__RECORDS PROVIDED__:
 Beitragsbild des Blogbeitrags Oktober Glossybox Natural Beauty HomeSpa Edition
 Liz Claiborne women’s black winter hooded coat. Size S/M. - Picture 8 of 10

* * *

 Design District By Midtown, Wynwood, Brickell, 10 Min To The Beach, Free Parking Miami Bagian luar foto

__BRIEF__:
Word for word, restate the lines of the data above that fall between the line holding "Beitragsbild des Blogbeitrags" and the line holding "Liz Claiborne women’s", inclusive, and no other lines.

__RESPONSE TO THE TASK__:
 Beitragsbild des Blogbeitrags Oktober Glossybox Natural Beauty HomeSpa Edition
 Liz Claiborne women’s black winter hooded coat. Size S/M. - Picture 8 of 10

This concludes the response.